O que é Indústria 4.0?

15
Março
 
 

Indústria 4.0 foi usada pela primeira vez em Hannover durante uma feira ainda em 2011. No ano seguinte, o Governo Federal Alemão após ter acesso a um relatório do grupo que foi o desenvolvedor do projeto começou a pensar em sua implantação e em 2013, após um relatório final, a quarta revolução industrial começou na Alemanha.

Basicamente, as transformações obtidas foram: sistemas ativos e máquinas conectadas. Assim, qualquer indústria poderá ter redes inteligentes que controlam não só a produção como também estão aptas a agendar manutenções, antecipar falhas e adaptar possíveis alterações que não foram planejadas durante o processo produtivo.
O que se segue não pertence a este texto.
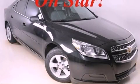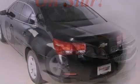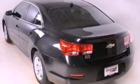This is a brand-new 2013 Chevrolet Malibu. It has a 2.5-liter 4-cylinder engine and a 6-speed automatic transmission.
Durante a primeira revolução industrial, o homem apresentou o aprimoramento das máquinas que eram a vapor e o tear mecânico começou a ser difundido. Na segunda, o aço começou a ser empregado, a energia elétrica também deu os primeiros passos aliada aos motores elétricos e de combustíveis.

A terceira revolução ficou marcada pelo avanço dos processos eletrônicos, da presença dos sistemas computadorizados e dos robôs nas manufaturas. A quarta revolução industrial marcará uma nova era, pois a internet das coisas será empregada e os processos que antes eram centralizados na manufatura, passarão a ser descentralizados.

Quais são os princípios que a quarta revolução industrial vem trazendo?
A partir da implementação da indústria 4.0, as fábricas operarão em tempo real, ou seja, todos os dados são adquiridos e tratados de forma instantânea, e com isso, a tomada de decisão também segue o mesmo padrão de agilidade.

A quarta revolução industrial veio trazer ainda a virtualização. Ela propõe que sejam criadas cópias virtuais das fábricas inteligentes. Sendo assim, ficará fácil rastrear e monitorar remotamente todos os processos que acontecem na fábrica devido a presença de sensores.

Antigamente, ninguém pensava em descentralizar uma decisão, não é mesmo? A partir da automação industrial, isso será possível devido ao emprego do sistema cyber-físico, porque além de receberem um comando e produzirem, as máquinas darão informações sobre o seu trabalho.

Outro princípio trazido pela indústria 4.0 é a orientação a serviços, por meio da Internet of Services. A partir de agora, as máquinas farão uso de softwares que detém esse novo recurso.

A Internet of Services (Internet dos Serviços) vai bem além do simples monitoramento de objetos. O software também pode ser usado para extrair dados, disponibilizando informações críticas sobre a forma como os dispositivos estão funcionando e o que eles estão fazendo.

Por fim, a quarta revolução industrial traz ainda a modularidade. Esse conceito nada mais é do que uma produção que considera a demanda, acoplamento e o desacoplamento de módulos na produção. Com isso, todas as tarefas feitas pelas máquinas passam a ser mais flexíveis e adaptáveis.

Como está a revolução 4.0 no Brasil?
Especialistas afirmam que o cenário nacional ainda está migrando da Indústria 2.0 para a Indústria 3.0. Isso significa que o país está deixando as linhas de montagem e de energia elétrica para uma fabricação que faz uso da automação por meio da robótica, programação e eletrônica.

Para que o Brasil fique mais próximo da Alemanha, será preciso instalar pelo menos 165 mil robôs industriais. No entanto, considerando o atual ritmo, que é 1,5 mil robôs instalados a cada ano, só chegaremos aos números dos alemães daqui a 100 anos.

Porém, o nosso país não só pode como deve queimar etapas (sempre levando em consideração fatores como segurança e eficácia) a fim de fazer uso dos benefícios trazidos pela Indústria 4.0.